City Commissioners Approve Zoning Changes to Butler Plaza

By Caitlyn Finnegan

It was a long night of discussions to make headway on what Butler Enterprises calls the “gateway” and “crown jewel” of its proposed 267-acre development that will spread from the I-75 Archer Road exit to Southwest 34th Street. Debates over future block sizes and street ways continued for six hours Wednesday night, drawing plenty of input from both supporters and opposition to the redevelopment of Butler Plaza.

City commissioners voted 6-1, with Commissioner Thomas Hawkins dissenting, to approve a collection of changes for the planned mixed-use development presented to the board and approved by city staff.

Among the changes was the distinction of four “sub-areas” of development: a “big-box” retail area where a new Walmart and other destination retailers will be located, an urban village that will serve as a transition between outlying properties and the town center, a pedestrian-friendly Town Center, as well as a redevelopment area reserved for future development. There was also a shift of the planned town center from the north side of the property to bring it closer to the intersection of Archer Road and Southwest 34th Street.

“We want to stop retail leakage,” said Butler Enterprises representative Gerry Dedenbach. “Those dollars that are being driven to Jacksonville or Orlando or Miami — they can end up right here.”

Representatives for Butler Enterprises made it clear that they were not asking for any changes to the development thresholds set when the commission voted on the expansion in 2012. Developers currently have approval for 2.5 million square feet of retail space, 250,000 square feet of office space, 500 hotel or motel rooms and up to 1,000 apartments or condominiums.

When completed, the project will have the potential to create more than 3,300 jobs and $96 million in annual wages. The total economic impact of the development stands at an estimated $389 million after considering the plaza’s infrastructure and real estate values.

The developers will not pursue everything they have gained approval for, however, due to a traffic cap set by the city. Based on data from traffic studies, the development would cause a jump in traffic three times the current average of 12,224 trips a day, but the cap limits traffic to 37,591 trips per day.

When determining how the different “sub-areas” of the development would be interconnected and how large the block sizes should be able to extend, the use of maneuvering lanes quickly rose to the front of the conversation.

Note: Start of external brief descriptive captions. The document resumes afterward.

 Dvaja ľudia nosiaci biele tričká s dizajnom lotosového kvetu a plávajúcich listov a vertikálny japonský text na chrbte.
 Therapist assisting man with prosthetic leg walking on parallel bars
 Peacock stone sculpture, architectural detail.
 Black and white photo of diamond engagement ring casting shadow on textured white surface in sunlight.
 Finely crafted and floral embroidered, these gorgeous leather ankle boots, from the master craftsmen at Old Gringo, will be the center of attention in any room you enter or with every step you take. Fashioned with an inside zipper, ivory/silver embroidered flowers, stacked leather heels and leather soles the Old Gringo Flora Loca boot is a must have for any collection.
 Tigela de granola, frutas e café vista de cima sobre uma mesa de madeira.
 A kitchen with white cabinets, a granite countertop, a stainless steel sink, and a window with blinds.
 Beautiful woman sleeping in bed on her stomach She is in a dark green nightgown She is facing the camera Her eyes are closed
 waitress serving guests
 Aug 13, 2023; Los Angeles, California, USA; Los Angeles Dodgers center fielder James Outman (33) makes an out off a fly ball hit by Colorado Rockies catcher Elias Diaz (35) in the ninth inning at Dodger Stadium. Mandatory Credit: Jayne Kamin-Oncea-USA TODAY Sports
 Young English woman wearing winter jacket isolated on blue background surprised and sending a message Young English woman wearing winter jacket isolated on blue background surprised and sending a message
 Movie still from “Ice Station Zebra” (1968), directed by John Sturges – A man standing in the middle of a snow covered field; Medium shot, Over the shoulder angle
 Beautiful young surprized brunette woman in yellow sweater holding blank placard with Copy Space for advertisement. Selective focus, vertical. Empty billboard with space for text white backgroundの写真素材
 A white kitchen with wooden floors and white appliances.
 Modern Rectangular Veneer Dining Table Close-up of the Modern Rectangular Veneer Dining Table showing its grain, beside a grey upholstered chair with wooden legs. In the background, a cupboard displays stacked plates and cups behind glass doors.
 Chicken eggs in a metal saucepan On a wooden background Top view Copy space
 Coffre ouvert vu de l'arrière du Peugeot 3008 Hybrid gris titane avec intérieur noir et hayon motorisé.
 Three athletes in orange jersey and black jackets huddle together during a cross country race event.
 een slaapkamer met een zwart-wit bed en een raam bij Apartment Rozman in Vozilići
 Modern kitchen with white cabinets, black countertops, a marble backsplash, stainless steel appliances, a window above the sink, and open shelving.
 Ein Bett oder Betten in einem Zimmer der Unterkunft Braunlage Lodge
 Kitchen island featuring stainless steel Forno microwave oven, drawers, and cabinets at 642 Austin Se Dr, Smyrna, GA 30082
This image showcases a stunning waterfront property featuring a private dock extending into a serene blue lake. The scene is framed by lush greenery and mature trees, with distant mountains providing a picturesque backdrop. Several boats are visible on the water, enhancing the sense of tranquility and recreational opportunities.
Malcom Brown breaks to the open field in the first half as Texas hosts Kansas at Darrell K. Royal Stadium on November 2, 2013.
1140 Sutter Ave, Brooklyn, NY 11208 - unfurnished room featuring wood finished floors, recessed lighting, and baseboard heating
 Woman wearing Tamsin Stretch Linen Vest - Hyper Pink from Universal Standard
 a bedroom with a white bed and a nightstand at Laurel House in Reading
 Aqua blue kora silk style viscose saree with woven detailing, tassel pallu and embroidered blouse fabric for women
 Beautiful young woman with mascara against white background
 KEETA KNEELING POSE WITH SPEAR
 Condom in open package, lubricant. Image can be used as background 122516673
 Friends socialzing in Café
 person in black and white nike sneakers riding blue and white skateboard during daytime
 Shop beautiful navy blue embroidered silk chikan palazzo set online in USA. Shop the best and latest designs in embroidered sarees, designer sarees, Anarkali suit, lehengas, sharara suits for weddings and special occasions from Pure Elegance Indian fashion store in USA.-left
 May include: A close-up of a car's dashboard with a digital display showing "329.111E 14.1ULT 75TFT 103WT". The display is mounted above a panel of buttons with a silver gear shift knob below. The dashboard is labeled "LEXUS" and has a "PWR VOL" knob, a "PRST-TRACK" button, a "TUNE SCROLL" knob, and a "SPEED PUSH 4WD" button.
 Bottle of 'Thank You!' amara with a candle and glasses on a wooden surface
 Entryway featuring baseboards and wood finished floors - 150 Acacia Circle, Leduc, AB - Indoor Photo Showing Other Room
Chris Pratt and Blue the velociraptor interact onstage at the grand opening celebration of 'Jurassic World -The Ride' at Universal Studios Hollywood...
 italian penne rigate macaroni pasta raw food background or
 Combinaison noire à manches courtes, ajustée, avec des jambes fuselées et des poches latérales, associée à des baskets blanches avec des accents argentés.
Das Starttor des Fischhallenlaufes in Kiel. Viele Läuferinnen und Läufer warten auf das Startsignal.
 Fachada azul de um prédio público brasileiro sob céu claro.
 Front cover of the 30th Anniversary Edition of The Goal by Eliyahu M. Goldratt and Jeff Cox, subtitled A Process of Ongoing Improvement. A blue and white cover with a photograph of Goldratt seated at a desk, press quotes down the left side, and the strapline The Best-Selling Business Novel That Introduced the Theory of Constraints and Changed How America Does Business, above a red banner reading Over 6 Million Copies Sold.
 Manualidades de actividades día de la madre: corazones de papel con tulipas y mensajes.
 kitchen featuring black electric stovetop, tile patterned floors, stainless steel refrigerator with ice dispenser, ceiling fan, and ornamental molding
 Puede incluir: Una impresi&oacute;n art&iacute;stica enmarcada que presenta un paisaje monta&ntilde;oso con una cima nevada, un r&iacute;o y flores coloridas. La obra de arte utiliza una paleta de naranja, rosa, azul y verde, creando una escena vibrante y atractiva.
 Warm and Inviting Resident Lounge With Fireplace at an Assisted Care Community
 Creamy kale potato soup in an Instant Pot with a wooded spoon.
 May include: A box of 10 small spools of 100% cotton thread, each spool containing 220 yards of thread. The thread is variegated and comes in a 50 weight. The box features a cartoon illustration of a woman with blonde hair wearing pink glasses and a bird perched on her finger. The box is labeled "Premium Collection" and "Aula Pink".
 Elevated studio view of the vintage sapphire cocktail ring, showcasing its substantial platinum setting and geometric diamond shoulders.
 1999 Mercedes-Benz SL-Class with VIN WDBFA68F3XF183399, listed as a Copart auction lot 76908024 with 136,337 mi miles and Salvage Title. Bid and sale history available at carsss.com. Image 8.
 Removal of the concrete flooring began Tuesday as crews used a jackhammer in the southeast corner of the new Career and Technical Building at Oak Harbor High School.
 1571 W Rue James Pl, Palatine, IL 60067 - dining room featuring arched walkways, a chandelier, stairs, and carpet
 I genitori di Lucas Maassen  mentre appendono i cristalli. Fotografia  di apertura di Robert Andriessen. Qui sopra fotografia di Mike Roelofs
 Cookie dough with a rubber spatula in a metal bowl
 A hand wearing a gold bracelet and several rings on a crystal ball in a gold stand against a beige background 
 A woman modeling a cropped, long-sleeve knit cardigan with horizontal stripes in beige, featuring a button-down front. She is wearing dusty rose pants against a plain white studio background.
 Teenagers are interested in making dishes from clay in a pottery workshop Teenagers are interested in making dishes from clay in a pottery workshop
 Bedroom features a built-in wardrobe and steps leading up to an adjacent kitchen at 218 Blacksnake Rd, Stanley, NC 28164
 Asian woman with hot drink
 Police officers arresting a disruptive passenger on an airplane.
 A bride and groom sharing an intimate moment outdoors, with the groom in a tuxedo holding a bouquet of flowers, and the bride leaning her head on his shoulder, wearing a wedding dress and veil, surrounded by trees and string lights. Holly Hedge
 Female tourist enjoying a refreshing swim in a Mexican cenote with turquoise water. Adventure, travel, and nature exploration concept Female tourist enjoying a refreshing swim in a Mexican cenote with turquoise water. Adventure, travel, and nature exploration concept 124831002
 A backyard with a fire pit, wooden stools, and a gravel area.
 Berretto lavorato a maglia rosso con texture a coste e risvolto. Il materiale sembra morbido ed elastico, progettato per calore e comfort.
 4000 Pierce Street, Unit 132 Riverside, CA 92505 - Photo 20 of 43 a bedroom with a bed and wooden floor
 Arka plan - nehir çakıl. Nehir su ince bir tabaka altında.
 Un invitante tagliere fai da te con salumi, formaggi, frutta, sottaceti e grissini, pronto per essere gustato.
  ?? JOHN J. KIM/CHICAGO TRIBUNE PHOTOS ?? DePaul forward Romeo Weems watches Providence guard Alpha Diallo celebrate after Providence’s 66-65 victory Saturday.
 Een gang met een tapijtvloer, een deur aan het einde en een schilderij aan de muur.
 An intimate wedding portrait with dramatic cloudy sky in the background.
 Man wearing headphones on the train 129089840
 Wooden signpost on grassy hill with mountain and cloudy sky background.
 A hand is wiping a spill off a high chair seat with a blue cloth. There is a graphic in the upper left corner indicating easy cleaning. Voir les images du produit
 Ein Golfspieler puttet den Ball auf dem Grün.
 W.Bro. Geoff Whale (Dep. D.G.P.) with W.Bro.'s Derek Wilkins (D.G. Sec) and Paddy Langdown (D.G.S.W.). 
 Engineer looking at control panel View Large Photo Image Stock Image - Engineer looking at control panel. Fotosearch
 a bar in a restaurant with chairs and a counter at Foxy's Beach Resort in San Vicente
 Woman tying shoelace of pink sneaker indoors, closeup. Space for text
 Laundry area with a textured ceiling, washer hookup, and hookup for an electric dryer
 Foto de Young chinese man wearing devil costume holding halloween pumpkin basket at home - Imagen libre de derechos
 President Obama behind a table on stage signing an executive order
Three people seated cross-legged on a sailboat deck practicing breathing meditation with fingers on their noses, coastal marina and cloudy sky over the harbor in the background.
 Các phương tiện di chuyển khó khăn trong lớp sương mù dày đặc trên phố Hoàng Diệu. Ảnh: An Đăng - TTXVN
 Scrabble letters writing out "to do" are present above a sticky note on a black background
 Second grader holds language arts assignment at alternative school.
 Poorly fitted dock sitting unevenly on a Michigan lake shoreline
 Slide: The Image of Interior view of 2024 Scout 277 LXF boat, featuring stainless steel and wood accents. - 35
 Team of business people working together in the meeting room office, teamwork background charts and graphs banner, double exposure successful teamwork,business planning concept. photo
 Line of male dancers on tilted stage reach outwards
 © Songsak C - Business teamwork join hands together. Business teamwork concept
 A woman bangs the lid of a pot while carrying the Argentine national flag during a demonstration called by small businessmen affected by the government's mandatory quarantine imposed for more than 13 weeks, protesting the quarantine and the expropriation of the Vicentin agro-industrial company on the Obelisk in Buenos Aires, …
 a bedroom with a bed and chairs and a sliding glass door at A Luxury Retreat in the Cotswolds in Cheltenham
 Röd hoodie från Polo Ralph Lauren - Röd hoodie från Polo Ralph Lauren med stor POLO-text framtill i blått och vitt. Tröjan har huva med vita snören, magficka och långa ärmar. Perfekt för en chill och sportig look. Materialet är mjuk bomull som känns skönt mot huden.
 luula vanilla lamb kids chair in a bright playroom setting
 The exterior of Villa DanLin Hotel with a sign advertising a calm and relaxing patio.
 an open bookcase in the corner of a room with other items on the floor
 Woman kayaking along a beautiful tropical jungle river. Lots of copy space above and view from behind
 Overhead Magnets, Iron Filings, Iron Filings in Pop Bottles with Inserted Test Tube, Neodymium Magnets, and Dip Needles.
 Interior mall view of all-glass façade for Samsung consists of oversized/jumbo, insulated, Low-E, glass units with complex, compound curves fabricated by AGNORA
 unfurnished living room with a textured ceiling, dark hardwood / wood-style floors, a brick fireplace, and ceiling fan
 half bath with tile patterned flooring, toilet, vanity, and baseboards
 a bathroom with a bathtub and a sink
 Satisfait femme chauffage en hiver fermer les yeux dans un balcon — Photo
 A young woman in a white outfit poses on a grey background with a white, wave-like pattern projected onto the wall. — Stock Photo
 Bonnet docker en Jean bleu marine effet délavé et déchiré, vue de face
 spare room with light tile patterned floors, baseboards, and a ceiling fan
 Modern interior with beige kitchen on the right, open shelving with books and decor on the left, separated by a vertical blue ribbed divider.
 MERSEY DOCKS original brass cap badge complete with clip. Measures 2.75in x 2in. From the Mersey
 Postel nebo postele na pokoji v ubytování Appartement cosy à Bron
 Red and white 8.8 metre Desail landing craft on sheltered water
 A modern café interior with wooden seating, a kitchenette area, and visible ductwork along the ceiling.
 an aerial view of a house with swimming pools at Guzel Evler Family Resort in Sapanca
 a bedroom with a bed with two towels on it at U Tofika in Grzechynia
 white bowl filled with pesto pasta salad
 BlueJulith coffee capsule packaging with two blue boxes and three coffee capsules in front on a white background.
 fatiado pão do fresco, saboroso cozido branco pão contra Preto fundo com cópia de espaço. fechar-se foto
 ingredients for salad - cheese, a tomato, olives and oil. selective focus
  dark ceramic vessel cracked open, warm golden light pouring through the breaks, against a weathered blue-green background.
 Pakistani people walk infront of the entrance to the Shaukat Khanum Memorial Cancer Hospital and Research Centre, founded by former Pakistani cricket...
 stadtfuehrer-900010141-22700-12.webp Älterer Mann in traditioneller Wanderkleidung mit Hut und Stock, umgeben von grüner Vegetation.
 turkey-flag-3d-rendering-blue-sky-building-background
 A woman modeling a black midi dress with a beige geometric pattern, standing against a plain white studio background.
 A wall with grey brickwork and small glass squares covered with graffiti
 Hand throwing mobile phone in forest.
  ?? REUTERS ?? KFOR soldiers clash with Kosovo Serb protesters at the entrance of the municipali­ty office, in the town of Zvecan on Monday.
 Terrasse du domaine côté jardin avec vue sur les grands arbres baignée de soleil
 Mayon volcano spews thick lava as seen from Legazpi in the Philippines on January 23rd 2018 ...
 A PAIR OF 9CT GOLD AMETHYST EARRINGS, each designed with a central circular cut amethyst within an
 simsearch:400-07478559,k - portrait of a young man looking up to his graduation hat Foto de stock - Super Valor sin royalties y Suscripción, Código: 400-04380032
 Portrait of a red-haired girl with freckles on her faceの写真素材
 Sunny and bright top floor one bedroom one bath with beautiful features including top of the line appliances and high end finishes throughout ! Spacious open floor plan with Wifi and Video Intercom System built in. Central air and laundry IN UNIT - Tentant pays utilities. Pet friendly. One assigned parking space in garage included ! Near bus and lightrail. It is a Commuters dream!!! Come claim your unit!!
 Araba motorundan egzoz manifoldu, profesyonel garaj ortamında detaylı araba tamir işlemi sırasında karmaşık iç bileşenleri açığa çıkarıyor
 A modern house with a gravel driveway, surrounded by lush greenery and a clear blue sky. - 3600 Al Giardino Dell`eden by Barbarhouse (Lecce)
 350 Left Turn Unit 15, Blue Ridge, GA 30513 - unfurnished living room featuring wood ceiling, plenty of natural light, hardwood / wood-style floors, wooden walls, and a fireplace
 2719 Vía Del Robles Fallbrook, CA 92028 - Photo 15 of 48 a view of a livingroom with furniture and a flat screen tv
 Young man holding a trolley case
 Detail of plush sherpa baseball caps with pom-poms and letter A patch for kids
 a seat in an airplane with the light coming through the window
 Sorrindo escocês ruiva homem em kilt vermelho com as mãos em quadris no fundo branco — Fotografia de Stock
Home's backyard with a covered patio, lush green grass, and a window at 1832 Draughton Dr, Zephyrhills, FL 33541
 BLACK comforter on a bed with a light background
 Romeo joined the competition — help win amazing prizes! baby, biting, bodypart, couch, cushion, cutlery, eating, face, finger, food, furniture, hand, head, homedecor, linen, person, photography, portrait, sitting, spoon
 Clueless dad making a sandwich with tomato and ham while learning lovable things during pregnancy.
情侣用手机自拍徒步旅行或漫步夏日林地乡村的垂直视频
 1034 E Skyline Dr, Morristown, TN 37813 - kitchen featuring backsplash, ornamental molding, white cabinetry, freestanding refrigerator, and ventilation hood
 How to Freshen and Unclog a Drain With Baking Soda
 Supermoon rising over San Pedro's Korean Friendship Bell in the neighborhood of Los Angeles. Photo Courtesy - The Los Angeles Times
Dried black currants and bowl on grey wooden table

Although commissioners ultimately ended up approving the request to allow the use of lanes instead of streets, along with an increase of the average block perimeter to a maximum of 2,000 feet in most areas, with a cap of 3,200 feet in the destination retailer area, the decision took several hours of debate.

“Why not streets now? It’s way too early,” said Robert Walpole, president of engineering firm Causseaux, Hewett & Walpole Inc. “These will serve as placeholders for the future.”

Walpole argued that putting standard streets into the road grid instead of using maneuvering lanes would increase infrastructure costs by five to six times. “It’s not financially feasible to build them where you are guessing something will be; you will just have to tear them up and redo it when that changes,” Walpole said.

When it came time to vote on approval of the planned development zoning application for the plaza, Braddy discussed a conflict caused by Hawkins appearing at a Plan Board meeting in February to speak against block size changes and the use of maneuvering lanes in place of streets for the development.

Hawkins’ public comments prompted Butler Enterprises’ lawyer David Theriaque to send a letter to the City Attorney’s Office, raising concerns about Hawkins’ ability to remain fair and impartial during the quasi-judicial hearing on its zoning applications. In respect to quasi-judicial meetings, commissioners are supposed to refrain from outside discussions of the application and base their decisions solely on the evidence presented during the public hearing.

Braddy’s decision to show three separate video clips from the Plan Board meeting drew a range of opinions from the board, with Commissioner Todd Chase saying Hawkins’ decision to speak publicly about the application was a legitimate issue and Commissioner Lauren Poe criticizing Braddy’s decision to play the clips.

Hawkins said he was “flabbergasted” that Braddy spent the time going through the five-hour video of the meeting to find the clips. Braddy countered that Hawkins’ actions were a reflection on the entire board of commissioners and should be addressed appropriately.

Among the zoning requirements discussed during the meeting were sidewalk improvements to run from Archer Road to the front of the Trader Joe’s, unique signage standards that will allow the plaza to have centralized signage to point pedestrians in the right direction, as well as a public transit transfer station located near the big-box stores for easy access.